[Lxc-users] Zombie container

Brian K. White brian at aljex.com
Tue Feb 15 20:47:26 UTC 2011


On 2/14/2011 6:50 PM, Trent W. Buck wrote:
> Daniel Lezcano<daniel.lezcano at free.fr>  writes:
>
>> As a quick fix, I suggest you look what application created the new
>> namespace. Launch your container and then look at
>> /cgroup/blackbird/1234/tasks and look for the command line associated
>> with the pid in this file. I suspect vsftpd could be the culprit. If
>> this is the case, there is an option to disable the namespace
>> creation.
>
> Or, of course, pick a different application :-)
>
> If it is vsftpd, I *strongly* recommend switching to SFTP (part of SSH)
> for writes, and HTTP for reads.  http://mywiki.wooledge.org/FtpMustDie

Well, of course, but what's that got to do with LXC or the namespace 
trick that vsftpd happens to use?

Your observations, which everyone already knows, show that the ftp 
protocol is problematic. Granted but so what?

The discussion here is how to get all commonly used tools working within 
containers, using lxc, that are currently used outside of containers, 
not what tools to use.

3 things:

1) The vstftpd problem is not a problem with the ftp protocol. Apache or 
any other service or app that meets your religious or aesthetic approval 
might have the same or similar problem at any time. Here we are only 
interested in containerizing anything that currently is done on 
traditional servers. For better or for worse, FTP is widely used on 
trandtional servers, and specifically vsftpd is. And so the discussion 
is about how to use vsftpd within a container, not whether to use ftp.

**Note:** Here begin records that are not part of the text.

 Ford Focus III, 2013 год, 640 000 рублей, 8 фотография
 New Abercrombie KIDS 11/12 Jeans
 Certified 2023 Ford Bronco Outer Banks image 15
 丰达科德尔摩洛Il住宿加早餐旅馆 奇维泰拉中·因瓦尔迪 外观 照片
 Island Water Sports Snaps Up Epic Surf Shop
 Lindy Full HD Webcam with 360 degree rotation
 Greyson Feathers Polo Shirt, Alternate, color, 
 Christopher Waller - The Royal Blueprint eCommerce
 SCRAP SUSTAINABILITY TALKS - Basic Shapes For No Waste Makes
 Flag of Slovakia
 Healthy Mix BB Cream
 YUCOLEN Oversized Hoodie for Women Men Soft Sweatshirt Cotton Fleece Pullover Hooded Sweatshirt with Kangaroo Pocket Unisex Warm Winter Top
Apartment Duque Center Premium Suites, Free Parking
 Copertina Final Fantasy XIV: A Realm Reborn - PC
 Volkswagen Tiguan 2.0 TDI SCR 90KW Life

2) As if everyone has any choice in the matter anyway, since most use of 
any communication protocol, such as ftp, involve two different parties, 
not yourself at both ends. Even if you were so gauche as to try to 
dictate internal IT policies and procedures and technologies to your own 
customers and vendors, you still don't get to dictate to 2nd or more 
removed customers and vendors of your own customers and vendors. So when 
_big honking global bank/manufacturer/retailer/shipper/etc_ says they 
will ftp to you or you to them, you just *&^*7 do it.

Oh you can offer the alternatives, and occasionally you get lucky, but 
that doesn't remove the need to make ftp work. Same goes for every other 
commonly used technology that you don't happen to personally like.

3) What makes http so special only for reading and sftp so special only 
for writing? Depending on my security needs and other factors I 
routinely use http for writing and/or sftp for reading. I also use rsync 
(native, not via ssh or rsh) for both reading and writing in many 
situations where most people use ftp or sftp or http. Conversely I never 
use nfs and only use samba extremely rarely, but I'm sure these 
technologies are perfectly justifiable and required for other people in 
other situations. Choice of tool is completely dependent on the job at 
hand and it's utterly silly to try to say what should and should not be 
used except within the context of a specific job, and then the answer 
only applies to that one specific job in that one specific context.